Uma confraria absolutamente democrática: moços e velhos; gente de todas as
raças; gente abonada e irremediáveis pobretões; "gatinhas" esculpidas e gordotas esbaforidas;
homens de meia idade, com a evidente protuberância que denuncia os chopes, e rapazes
"saradões".
Para mim, o grande exercício não é caminhar; o que vale é a velha e saudável
prática da observação das pessoas, que a esta altura da vida terei muito mais dificuldade
em perder do que minha relativamente modesta barriguinha.
Admiro muito os observadores de pássaros, que viajam milhares de
quilômetros, enveredam por trilhas tortuosas, arranham-se em pontiagudos espinhos, apenas
para contemplar a sem dúvida exuberante obra da natureza. Mas eu prefiro continuar sendo
um observador de gente. E não há melhor lugar para isso do que as congestionadas passarelas
onde desfilamos nós, os integrantes da confraria dos caminhantes.
Lá vêm aquelas três velhinhas tagarelas. Animadas, enérgicas, fingem
que ganham a batalha contra o reumatismo. Cruzam com três senhores aparentemente hígidos,
orgulhosos dos raros músculos que ainda não cederam à inexorável lei da gravidade.
Imagino que nesses olhares que também se cruzam esteja contida uma certa
nostalgia dos tempos passados - tempos dos passeios calmos; tempos de um caminhar conduzido
apenas pelo prazer e pelo romance.
Impressão minha, ou senti, nelas e neles, um suspiro abafado, um peito
arfante não apenas pela caminhada?
Há rostos congestionados pelo esforço; há testas que trazem para cá as
rugas da preocupação. Semblantes alegres parecem festejar a beleza da vida; caras fechadas
denunciam quem não consegue se livrar do mau-humor.
Ah, quanta vida está contida nas gotas de suor dessas moças e rapazes
que nos deixam com inveja e saudosos dos passos rápidos, das corridas de outrora!

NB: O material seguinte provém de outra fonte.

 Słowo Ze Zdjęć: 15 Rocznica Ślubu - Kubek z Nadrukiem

Moças
lindas transpiram sensualidade, mexendo com a libido de belos rapazes.
São muitos os "plugados": fones no ouvido, corpos e almas embalados
pelo som dos mais recentes sucessos, que só vão durar até amanhã, enquanto alimentam
a voracidade da comercialização musical.
É grande a quantidade de cães, transformados, a duras penas, com as
línguas pendentes, em melhores amigos dos caminhantes.
Agora aumenta a olhos vistos o grupo dos que caminham usando seus celulares.

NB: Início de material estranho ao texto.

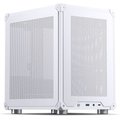 C6 White Micro-Tower Pc-Behuizing, Gaming-Behuizing (White)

Uns falam baixo, como que precupados em não partilhar segredos; outros gritam, dando a
impressão de que o convencimento depende da altura da voz e não da solidez dos argumentos;
outros, ainda, me parecem contorcionistas em pleno picadeiro: são os que buscam a posição
ideal para captar o fugidio sinal.
Atravesso, incólume em minha curiosidade, esse mar de rostos e corpos,
essa babel de vozes, esse teatro itinerante dos que caminham. Ao me sentar no final do
calçadão, estou exausto, fatigado; os músculos doloridos de um corpo inteiro imploram a
imobilidade dos preguiçosos; a garganta pede o bálsamo de um líquido gelado. Mas o espírito
parece mais vivo, mais estimulado pela observação de estranhos que parecem amigos, meus
diletos companheiros da confraria dos caminhantes.